Türkiye’nin bir ‘fay hattı ülkesi’ olduğunun altını çizen Aksigorta Genel Müdürü Uğur Gülen, beklenen İstanbul depremine ilişkin şunları söyledi: “Uzmanlar, İstanbul'da 2030 yılına kadar 7 büyüklüğündeki bir depremin olma olasılığının yüzde 64 olduğunun altını çiziyor. Türkiye'nin sanayi ve finans merkezi olan İstanbul’da yıkıma neden olacak olası bir depremin çevre iller ile birlikte Türkiye’nin milli gelirinin yarısına etki etmesi bekleniyor. Önlem alınmazsa bunun bedelini tüm Türkiye ödeyecek. Yaşanması oldukça muhtemel olan bu büyük depremin, Türkiye’nin en önemli gündem maddelerinden biri olduğu kesin.
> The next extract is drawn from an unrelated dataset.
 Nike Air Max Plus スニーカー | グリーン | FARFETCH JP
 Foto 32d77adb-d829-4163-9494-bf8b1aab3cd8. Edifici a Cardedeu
Hepimizin bugünden önlem alması gerekiyor. İstanbul depremi için kaybedecek zamanımız yok. Türkiye’de 100 m2 bir ev için, 1 milyon TL inşa bedeli teminatlı bir poliçenin ortalama değeri ayda 200 TL. Diğer deprem ülkeleri afetlerle yaşamayı nasıl öğrendiyse biz de doğaya karşı koymadan, onunla birlikte afetlere dirençli kentler kurabilme gücüne sahibiz.’’
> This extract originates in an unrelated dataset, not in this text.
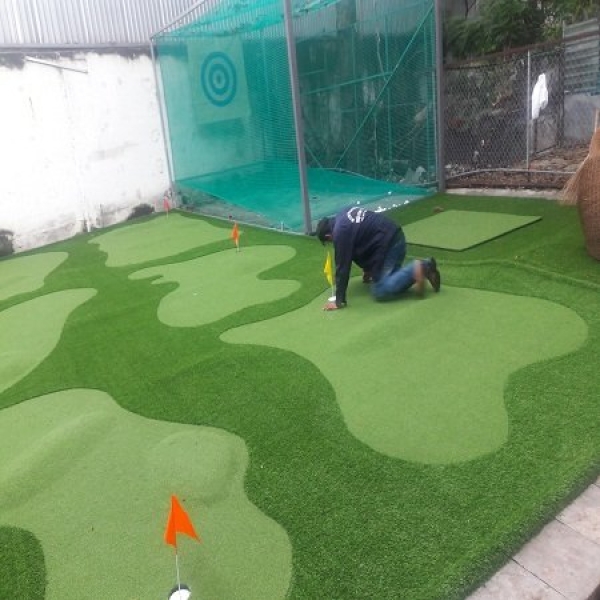 Khung lưới tập golf có lưới sàn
Afetlere hazırlık sigortalı evden başlar.
Afetlere hazırlığın sadece hayatta kalmakla ilgili değil, aynı zamanda maddi ve manevi kayıpların minimize edilmesiyle ilgili olduğunu hatırlatan İTÜ Meteoroloji ve Afet Yönetimi Profesörü Mikdat Kadıoğlu, “Afet türleri ve acil durum planları hakkında araştırmalar yapın, buna göre kişisel planlamanızı hazırlayın ve afet durumunda planınıza uygun olarak hareket edin. Bireysel planlamanızın yanı sıra, evlerinizin ve iş yerlerinizin güvenlik düzeyinin yeterli olduğundan emin olun. Örneğin, evinizi düzenli olarak bakımdan geçirin. Yangın alarmı, karbon monoksit dedektörü ve su sızıntısı dedektörü gibi önemli cihazların çalışıp çalışmadığını kontrol edin. Evde acil durum malzemeleri bulundurun. Bu malzemeler arasında acil durum çantası, sigorta poliçeleri, battaniye, su, yiyecek ve ilaçlar yer alabilir. İş yerinde acil durum planının hazır olması ve tüm çalışanların plandan haberdar olması da önemli. Bu planla, afet durumunda ne yapılacağını ve kimin sorumlu olduğunu belirlenmeli. Bu örneklerdeki gibi afet hazırlıkları konusunda önem alınırsa bireylerin, evlerin, ailelerin ve iş yerlerinin maddi ve manevi kayıpların önüne geçilmesi mümkün. Birçok insan, afetlere hazırlanırken sigortayı unutuyor veya yeterince önemsemiyor. Ancak sigorta, evinizi bir emniyet kemeri gibi korur ve beklenmedik olayların maddi zararlarını azaltır. Sigortanız yoksa, afetler sizi uzun süre yuvasız bırakabilir. Bu nedenle sigorta poliçesi yaptırarak afetlerin etkilerini azaltabilirsiniz. Sigorta poliçesi yaptırmak, afetlere hazırlık planınızın bir parçası olarak hazırlıklı olmanızı sağlar.” dedi.